Thank you very much.
This is like asking me what color necktie to wear. It’s really up to you. The longer barrel will be smoother and slower, the shorter one will be handier. Generally, I would lean towards the 26″ if I were to do more upland and the 28″ if I did more waterfowl. Then again, you also have to factor in the fact that Ithaca and all the rest have changed their barrel weights over time. The old light barrels have all picked up weight with the addition of factory screw chokes.

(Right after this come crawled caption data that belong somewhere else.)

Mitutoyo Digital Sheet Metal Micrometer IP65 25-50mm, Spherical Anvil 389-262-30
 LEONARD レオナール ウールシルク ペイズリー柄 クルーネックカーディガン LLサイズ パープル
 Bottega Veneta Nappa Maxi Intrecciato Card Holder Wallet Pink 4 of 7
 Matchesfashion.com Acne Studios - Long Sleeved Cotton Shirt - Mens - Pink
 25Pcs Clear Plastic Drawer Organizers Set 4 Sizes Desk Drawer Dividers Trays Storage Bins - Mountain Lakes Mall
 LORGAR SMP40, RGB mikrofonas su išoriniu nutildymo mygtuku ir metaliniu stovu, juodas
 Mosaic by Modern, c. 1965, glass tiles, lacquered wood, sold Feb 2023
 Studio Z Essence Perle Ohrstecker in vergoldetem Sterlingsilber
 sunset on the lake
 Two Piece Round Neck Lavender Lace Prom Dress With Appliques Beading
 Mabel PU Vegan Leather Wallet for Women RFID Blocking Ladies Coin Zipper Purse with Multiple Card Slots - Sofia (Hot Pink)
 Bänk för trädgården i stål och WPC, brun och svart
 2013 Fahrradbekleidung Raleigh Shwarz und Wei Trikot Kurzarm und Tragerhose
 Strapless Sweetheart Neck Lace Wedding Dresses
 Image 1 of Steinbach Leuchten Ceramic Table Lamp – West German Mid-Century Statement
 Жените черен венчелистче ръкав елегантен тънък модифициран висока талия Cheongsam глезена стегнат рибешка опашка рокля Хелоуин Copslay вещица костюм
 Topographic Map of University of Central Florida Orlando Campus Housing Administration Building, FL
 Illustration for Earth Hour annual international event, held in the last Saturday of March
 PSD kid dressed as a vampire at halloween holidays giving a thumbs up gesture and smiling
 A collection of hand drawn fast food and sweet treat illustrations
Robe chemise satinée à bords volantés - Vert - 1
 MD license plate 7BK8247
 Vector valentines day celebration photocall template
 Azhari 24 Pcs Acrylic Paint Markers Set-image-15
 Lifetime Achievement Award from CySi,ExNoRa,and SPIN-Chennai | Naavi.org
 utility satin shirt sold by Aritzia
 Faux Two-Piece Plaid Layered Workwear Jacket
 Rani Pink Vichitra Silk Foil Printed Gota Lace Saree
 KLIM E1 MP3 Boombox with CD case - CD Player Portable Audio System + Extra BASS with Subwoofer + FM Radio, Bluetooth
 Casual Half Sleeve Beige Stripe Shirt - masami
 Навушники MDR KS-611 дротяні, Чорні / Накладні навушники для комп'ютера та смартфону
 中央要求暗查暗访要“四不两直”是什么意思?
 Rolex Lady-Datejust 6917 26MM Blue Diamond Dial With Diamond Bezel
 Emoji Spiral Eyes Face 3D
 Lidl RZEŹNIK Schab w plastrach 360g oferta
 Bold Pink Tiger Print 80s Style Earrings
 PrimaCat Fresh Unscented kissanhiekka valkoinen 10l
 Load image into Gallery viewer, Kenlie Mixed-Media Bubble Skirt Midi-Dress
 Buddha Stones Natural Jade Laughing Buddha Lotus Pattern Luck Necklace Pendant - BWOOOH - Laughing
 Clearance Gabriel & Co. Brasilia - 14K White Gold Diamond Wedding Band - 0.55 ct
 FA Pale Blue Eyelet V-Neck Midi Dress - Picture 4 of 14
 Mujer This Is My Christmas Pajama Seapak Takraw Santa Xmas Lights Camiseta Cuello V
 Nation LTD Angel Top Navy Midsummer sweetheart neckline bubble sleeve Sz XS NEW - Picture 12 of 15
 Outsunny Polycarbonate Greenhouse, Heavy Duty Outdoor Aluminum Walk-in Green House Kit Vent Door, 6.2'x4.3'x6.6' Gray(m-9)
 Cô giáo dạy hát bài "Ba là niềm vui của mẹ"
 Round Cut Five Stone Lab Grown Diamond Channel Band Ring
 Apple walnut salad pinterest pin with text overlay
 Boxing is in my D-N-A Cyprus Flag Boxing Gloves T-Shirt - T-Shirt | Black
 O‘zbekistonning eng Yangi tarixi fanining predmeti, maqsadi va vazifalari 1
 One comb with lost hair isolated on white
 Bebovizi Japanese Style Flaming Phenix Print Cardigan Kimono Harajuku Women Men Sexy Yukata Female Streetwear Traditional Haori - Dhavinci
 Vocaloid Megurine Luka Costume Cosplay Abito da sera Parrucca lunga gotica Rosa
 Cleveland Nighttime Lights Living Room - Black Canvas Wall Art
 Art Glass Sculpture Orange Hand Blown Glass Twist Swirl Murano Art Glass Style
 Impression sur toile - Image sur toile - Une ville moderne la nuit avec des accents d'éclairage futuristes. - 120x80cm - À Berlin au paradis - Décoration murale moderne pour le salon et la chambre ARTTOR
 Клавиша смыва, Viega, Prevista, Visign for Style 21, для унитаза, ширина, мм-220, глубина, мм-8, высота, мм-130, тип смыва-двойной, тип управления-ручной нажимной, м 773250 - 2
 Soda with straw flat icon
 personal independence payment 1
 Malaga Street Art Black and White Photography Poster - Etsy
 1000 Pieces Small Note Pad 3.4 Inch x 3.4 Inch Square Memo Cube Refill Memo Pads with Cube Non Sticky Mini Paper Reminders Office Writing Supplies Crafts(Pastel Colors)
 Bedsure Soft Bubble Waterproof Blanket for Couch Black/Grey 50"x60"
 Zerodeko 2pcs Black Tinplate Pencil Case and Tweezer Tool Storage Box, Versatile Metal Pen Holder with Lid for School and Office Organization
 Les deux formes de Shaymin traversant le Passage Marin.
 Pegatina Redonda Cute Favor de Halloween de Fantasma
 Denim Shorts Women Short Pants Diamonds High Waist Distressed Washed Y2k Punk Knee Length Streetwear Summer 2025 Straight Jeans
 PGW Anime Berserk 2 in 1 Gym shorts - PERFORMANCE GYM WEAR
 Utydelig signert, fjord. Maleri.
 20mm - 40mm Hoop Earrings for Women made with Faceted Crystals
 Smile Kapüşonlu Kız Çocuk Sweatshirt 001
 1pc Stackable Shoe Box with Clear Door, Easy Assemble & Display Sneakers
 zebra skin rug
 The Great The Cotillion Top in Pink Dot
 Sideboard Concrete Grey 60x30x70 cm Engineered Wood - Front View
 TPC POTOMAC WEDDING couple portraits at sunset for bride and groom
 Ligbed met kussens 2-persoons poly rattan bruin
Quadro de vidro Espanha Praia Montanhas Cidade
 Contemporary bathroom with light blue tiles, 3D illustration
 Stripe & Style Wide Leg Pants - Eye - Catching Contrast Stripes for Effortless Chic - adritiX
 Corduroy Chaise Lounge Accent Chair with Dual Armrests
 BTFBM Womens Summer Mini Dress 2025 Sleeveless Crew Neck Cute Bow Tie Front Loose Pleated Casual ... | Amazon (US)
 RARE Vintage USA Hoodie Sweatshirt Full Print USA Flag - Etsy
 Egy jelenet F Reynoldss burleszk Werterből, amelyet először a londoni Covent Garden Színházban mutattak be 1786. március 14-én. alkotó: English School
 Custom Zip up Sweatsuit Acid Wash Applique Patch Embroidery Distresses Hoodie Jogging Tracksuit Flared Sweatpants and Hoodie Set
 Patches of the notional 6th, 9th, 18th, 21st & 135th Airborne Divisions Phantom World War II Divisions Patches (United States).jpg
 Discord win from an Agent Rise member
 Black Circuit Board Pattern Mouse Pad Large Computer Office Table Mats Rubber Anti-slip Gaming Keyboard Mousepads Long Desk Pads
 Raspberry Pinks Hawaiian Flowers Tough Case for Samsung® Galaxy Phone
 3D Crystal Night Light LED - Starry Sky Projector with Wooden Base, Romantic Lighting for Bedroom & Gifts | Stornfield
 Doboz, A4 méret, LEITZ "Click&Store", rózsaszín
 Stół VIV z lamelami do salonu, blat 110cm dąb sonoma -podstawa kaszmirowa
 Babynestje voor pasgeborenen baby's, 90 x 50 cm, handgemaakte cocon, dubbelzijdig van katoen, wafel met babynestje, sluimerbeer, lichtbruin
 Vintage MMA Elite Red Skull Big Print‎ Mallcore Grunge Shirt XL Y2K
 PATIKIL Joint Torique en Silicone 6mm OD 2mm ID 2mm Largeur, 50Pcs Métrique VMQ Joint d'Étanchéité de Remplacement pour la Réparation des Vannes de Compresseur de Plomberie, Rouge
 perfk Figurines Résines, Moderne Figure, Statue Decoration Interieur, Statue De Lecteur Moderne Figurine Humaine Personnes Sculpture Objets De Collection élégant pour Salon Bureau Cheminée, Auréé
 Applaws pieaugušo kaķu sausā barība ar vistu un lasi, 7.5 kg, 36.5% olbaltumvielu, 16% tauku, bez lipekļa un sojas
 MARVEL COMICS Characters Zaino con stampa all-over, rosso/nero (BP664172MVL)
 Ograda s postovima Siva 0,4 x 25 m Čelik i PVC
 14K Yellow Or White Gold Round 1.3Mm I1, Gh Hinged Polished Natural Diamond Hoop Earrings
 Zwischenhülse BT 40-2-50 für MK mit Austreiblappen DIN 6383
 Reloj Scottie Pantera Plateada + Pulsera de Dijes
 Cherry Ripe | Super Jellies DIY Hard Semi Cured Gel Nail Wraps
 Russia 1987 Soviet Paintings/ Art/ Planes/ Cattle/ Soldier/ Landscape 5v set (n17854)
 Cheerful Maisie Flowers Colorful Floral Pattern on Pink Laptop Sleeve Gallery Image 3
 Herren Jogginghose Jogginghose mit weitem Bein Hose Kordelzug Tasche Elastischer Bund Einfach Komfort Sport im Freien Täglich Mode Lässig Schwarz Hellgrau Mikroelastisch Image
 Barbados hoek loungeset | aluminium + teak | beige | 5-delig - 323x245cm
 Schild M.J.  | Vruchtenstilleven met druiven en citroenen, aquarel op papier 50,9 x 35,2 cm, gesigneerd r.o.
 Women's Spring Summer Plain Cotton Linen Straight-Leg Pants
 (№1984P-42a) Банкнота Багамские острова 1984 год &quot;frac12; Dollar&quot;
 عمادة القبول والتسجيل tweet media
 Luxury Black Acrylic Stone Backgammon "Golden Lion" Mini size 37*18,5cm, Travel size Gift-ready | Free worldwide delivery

For example, the Remington 870s used to have delightfully balanced barrels before they went to screw chokes. The first Remington screw choke barrels were sewer pipes and gained a huge amount of road hugging weight because Remington put the chokes in the cheap way, they just made the entire barrel thicker to accommodate the threads at the muzzle. Some of the Remington pumps/autos are still made that way. Others, the Light Contour barrels, today are nicely balanced and feel more like the pre-screw choke barrels. The Light Contour barrels are more expensive to produce because they are jugged at the end to accommodate the screw chokes, but they are better balanced too. So, if you asked me the same question about the 870 as the M37, I’d go with the 26″ bbls on the heavy untapered screw choke bbls and 28 on the Light Contour ones. Though this applies to Remington, not Ithaca, you get my point. Gun makers change things, so you have to stay current- which I am not on Ithaca.
There is no meaningful ballistic difference in the lengths. It’s mostly a question of balance and somewhat a question of sighting plane. Remember, your M37 has a good 3-1/2″ inches of receiver, so a 26″ barreled auto/pump is the equivalent in length to a 29-1/2″ O/U or SxS. Something to think about.
The only real way to do it right is to try both barrel lengths on your gun in a side by side test and pick the one that feels best. I realize that this isn’t always possible, but there it is. Like tasting food, there is just so much that you can write about it.